El país que duele
En Ecuador estamos
viviendo un punto de quiebre. No solo político o económico, un quiebre moral. Nos
acostumbramos a sobrevivir entre titulares de violencia, promesas incumplidas y
una sensación de cansancio colectivo. Mientras tanto, los discursos oficiales
nos piden “confianza”, como si la esperanza fuera un decreto. Pero detrás de
las cifras, del marketing y de la retórica de orden, hay algo mucho más
profundo que se está rompiendo: la fe en que todavía somos capaces de construir
un país juntos. Hoy el miedo se volvió costumbre. Miedo a salir, a hablar, a
disentir. Miedo a perder lo poco que queda o a que te señalen por pensar
distinto. El poder político (sea cual sea el color del turno) ha aprendido a
administrar ese miedo. A llamarlo “orden”, a vestirlo de eficiencia, a usarlo
como herramienta para gobernar sin rendir cuentas. Y así, poco a poco, la
democracia se vacía. Las instituciones existen, pero ya no representan; el
Estado promete seguridad, pero no justicia; el mercado promete crecimiento,
pero no bienestar. La gente sobrevive, pero ya no confía.
Se nos repite que el
país avanza: récords de exportación, cifras positivas. Pero el progreso no se
mide solo en balances. Si para “avanzar” hay que callar al que protesta,
contaminar un río o precarizar el trabajo, entonces ese progreso no es
desarrollo: es deuda moral. Ecuador es un país que exporta materia prima, pero
importa futuro. Mientras celebramos los indicadores macroeconómicos, miles de
campesinos quiebran, y la desigualdad crece disfrazada de eficiencia. El modelo
extractivo sigue siendo el mismo de siempre: crecer rápido, aunque duela lento.

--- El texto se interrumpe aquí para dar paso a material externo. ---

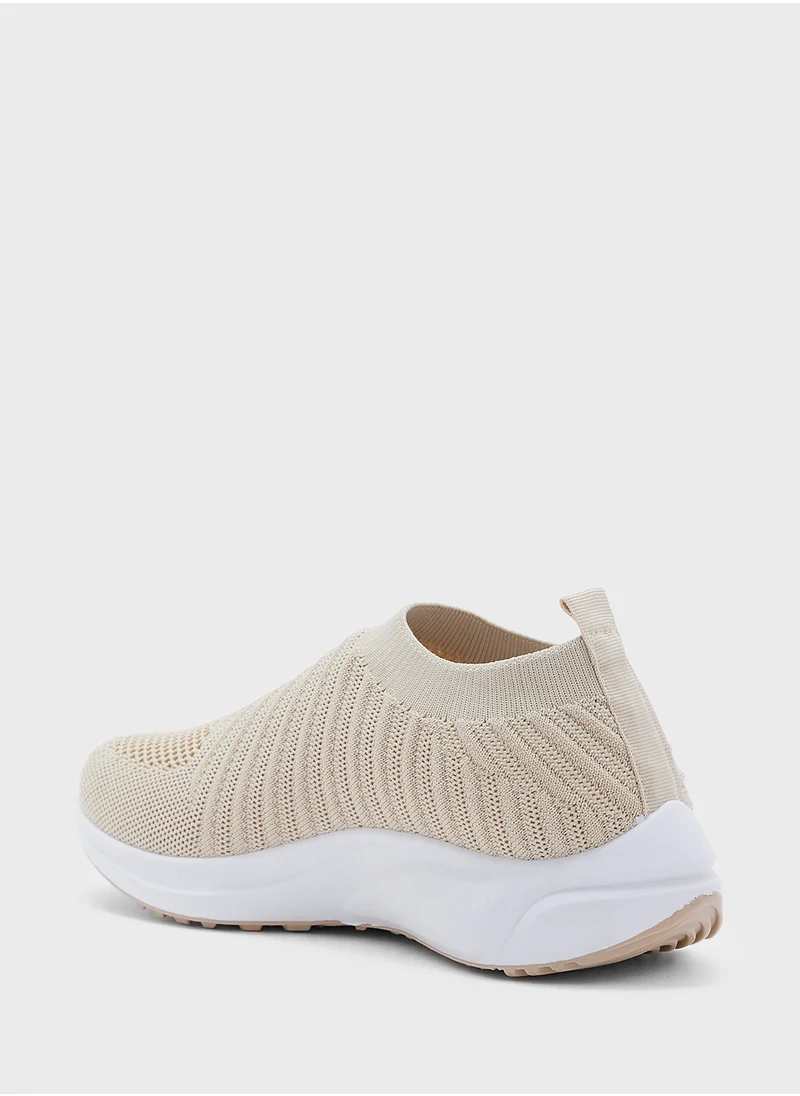 Ginger Wavy Design Knit Slip On Comfort Shoes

Vivimos una época donde lo práctico parece más importante que lo correcto. Nos
dicen que no hay tiempo para ética, que la moral estorba, que el fin justifica
los medios. Pero los países que confunden eficacia con sabiduría terminan
repitiendo los errores que juraron superar. El problema no es querer orden, el
problema es construirlo sobre la humillación. No es buscar crecimiento, es
hacerlo destruyendo la base que lo hace posible: la confianza social, la
educación, la justicia. El pragmatismo sin ética puede dar resultados
inmediatos, pero destruye los cimientos del futuro.
Ecuador está siendo
gobernado bajo una lógica empresarial del poder: resultados, eficiencia,
comunicación e imagen. Pero el Estado no es una empresa y la sociedad no es una
nómina. Cuando el marketing reemplaza a la política, el país se vuelve un
producto, y cuando la seguridad se mide en encuestas, la justicia se vuelve propaganda.
El gobierno representa la nueva versión del viejo populismo: no grita, pero
concentra poder; no polariza con rabia, sino con indiferencia; no promete revolución, sino “gestión sin política”. Y ese modelo (aparentemente
sensato) es quizás el más peligroso: el que no se presenta como autoritarismo,
pero actúa sin diálogo, sin escucha y sin empatía. El país está dividido, pero
no por ideología, por desconfianza. Los que gobiernan no escuchan y los que
protestan no creen. El poder se victimiza y el pueblo se cansa. En medio, el
país real (el que siembra, el que educa, el que crea) sigue sosteniendo todo en
silencio. Pero el silencio también se agota. Y cuando eso ocurra, no habrá
campaña ni spot que lo contenga.
El Ecuador no necesita
más discursos de eficiencia ni nuevos planes de inversión. Necesita liderazgo
ético, diálogo real y visión de país. Necesita recordar que la democracia no se
defiende con armas, sino con escucha; que el progreso no se mide en toneladas,
sino en dignidad; y que el desarrollo no sirve de nada si no mejora la vida de
quienes lo sostienen. La solución no está en más Estado ni en menos Estado: está
en un Estado decente. Uno que sirva, no que se sirva. Uno que inspire
confianza, no vergüenza. A pesar de todo, este país sigue lleno de vida. De
gente que emprende, que enseña, que resiste. De jóvenes que no se conforman y
comunidades que siguen sembrando. El futuro no está perdido, está esperando que
dejemos de delegarlo. Porque el país no cambia con un nuevo presidente o una
nueva constitución, cambia cuando cambia la conciencia colectiva. Necesitamos recuperar
la ética como motor, la empatía como método y la verdad como punto de partida. No
hay éxito sin integridad, ni orden sin justicia, ni progreso sin humanidad. Porque
al final, ningún modelo, ningún líder y ningún gobierno puede salvarnos de algo
tan simple y tan urgente: el poder es servicio, no marketing.